Little Caution About Rule Change

Times Staff Writer

A year ago, a long but highly competitive race was coming down to a two-car shootout at California Speedway when a late-race accident brought out the yellow caution flag.

With darkness fast approaching, fans who had been hoping to see if Max Papis could catch Cristiano da Matta never got a chance to find out. A race that had provided a record 73 lead changes fell one short -- or at least one attempt short -- and ended anticlimactically, Da Matta taking the checkered flag as the yellow flew beside it.

Sunday at the same California Speedway, a long, only slightly less competitive race was coming down to a two-car shootout when a late race mishap brought out the yellow flag.

Deja vu? Instant replay a year later? Would a race that had produced 42 lead changes fall one attempt short?
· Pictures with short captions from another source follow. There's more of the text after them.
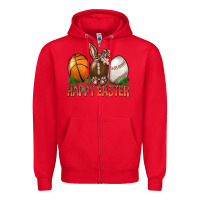 Red Happy Easter Sports Zipper Hoodie - BundleAndBundleShop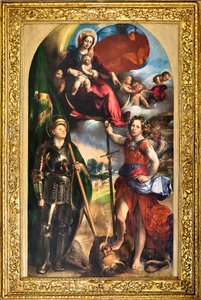 Madonna mit Jesuskind und St. Georg und Erzengel Michael von Dosso Dossi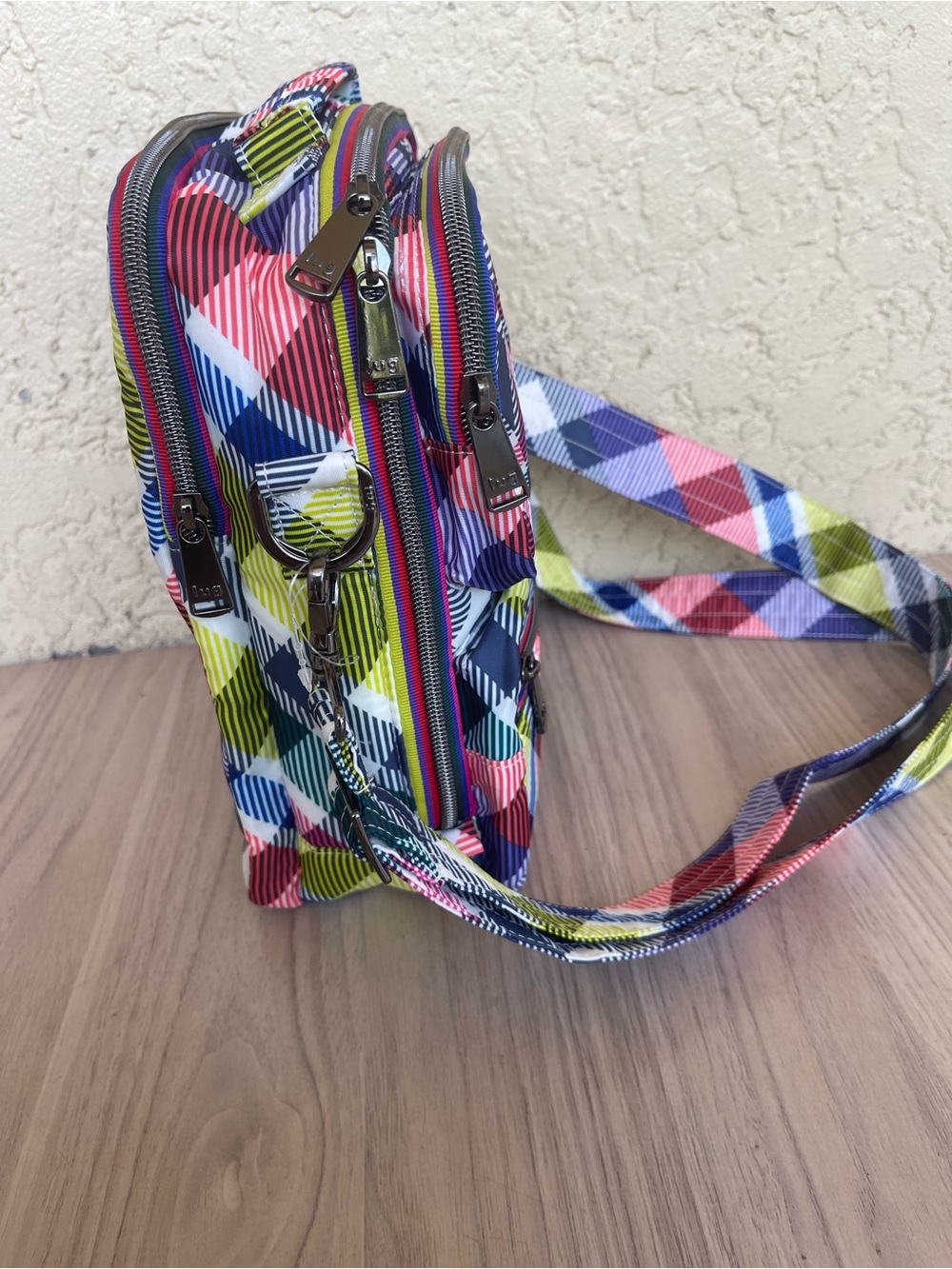 lug Multicolor Plaid Crossbody Bag - Navy, Pink, Lime, Teal - Picture 3 of 13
Would the yellow flag prevent Jimmy Vasser, who had led 146 of what was going to be a 250-lap race, from taking a final shot at new leader Michael Andretti?


No, to the ultimate delight of Vasser, the chagrin of Andretti.
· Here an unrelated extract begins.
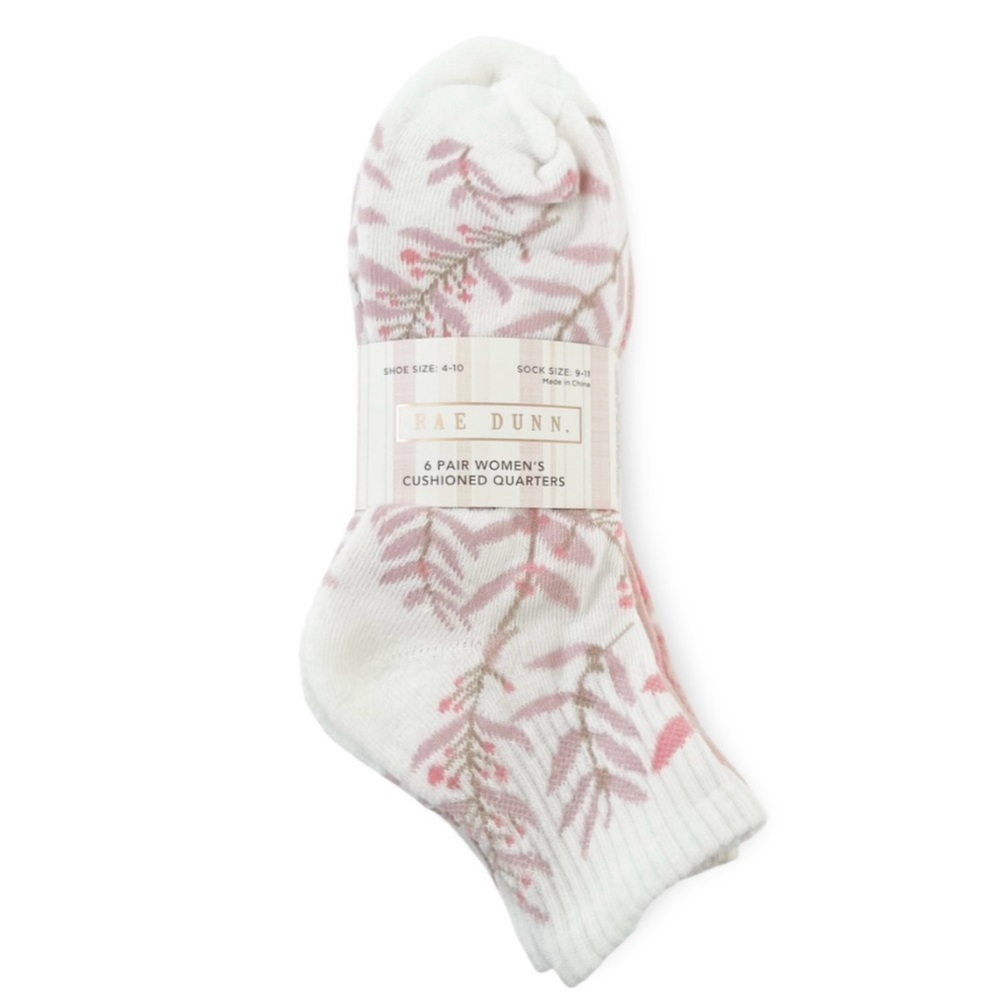 Rae Dunn Women's Cushioned Quarters Socks 6 pair NIP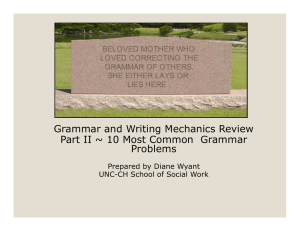 Grammar and Writing Mechanics Review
No, thanks to a rule change in CART this season -- inspired in part by what happened here last year -- that allows for an interruption in the action if there’s a legitimate chance for a racing finish.

So on Lap 246, when Dario Franchitti’s car blew an engine and pulled onto the apron of the track in Turn 4, spewing smoke and flame, naturally the yellow flag flew. Then minutes later, the red flag flew, the one that stops a race.
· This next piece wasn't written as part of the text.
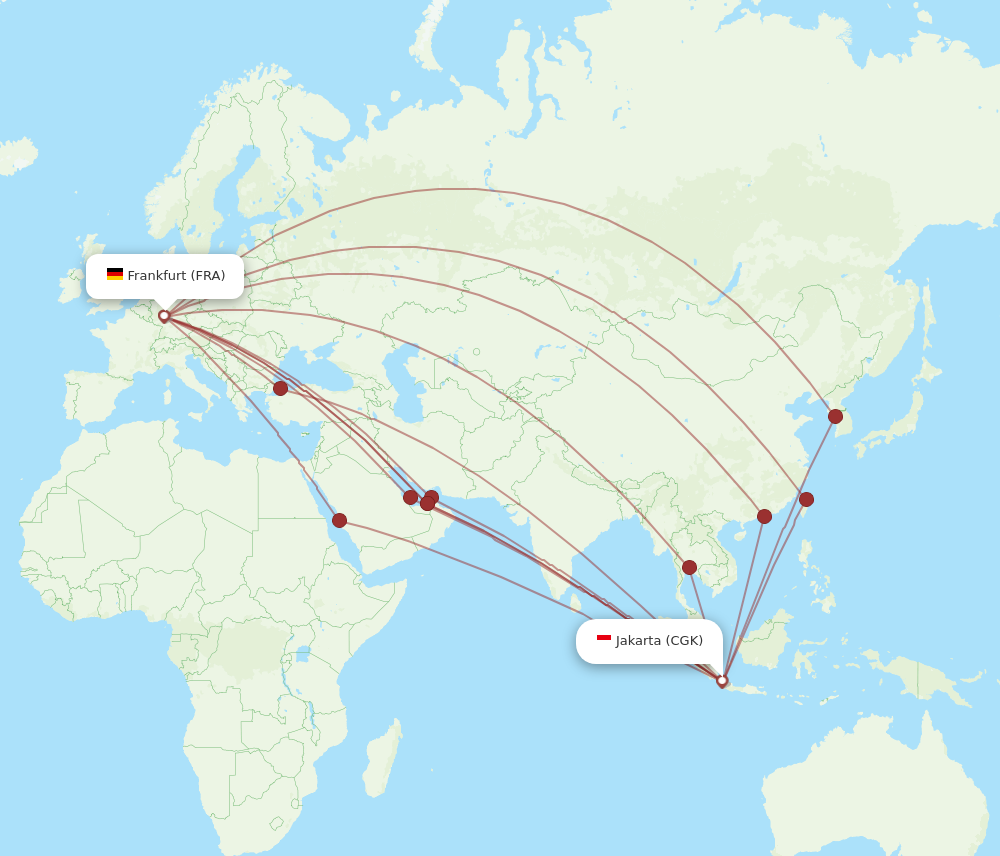 All Flight Routes From Jakarta To Frankfurt Cgk To Fra Flight Routes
A year ago, that wasn’t a possibility here. The start of the race had been delayed by rain and the distance reduced from 500 to 440 miles, just to get it in before darkness fell. There would have been no time to clean the track and restart the race. As it was, evening had set in when the race ended.

Sunday was a beautiful day, there was no threat of early darkness, so the red-flag rule was invoked.

And about 10 minutes later, after the fire had been put out, Franchitti’s car moved out of the way and the track cleaned, they went racing again, a 500-mile race reduced to a four-mile trophy dash.

Andretti, thanks to a slingshot pass of Vasser coming off a yellow flag only a few laps earlier, was out in front on the restart, just where he didn’t want to be.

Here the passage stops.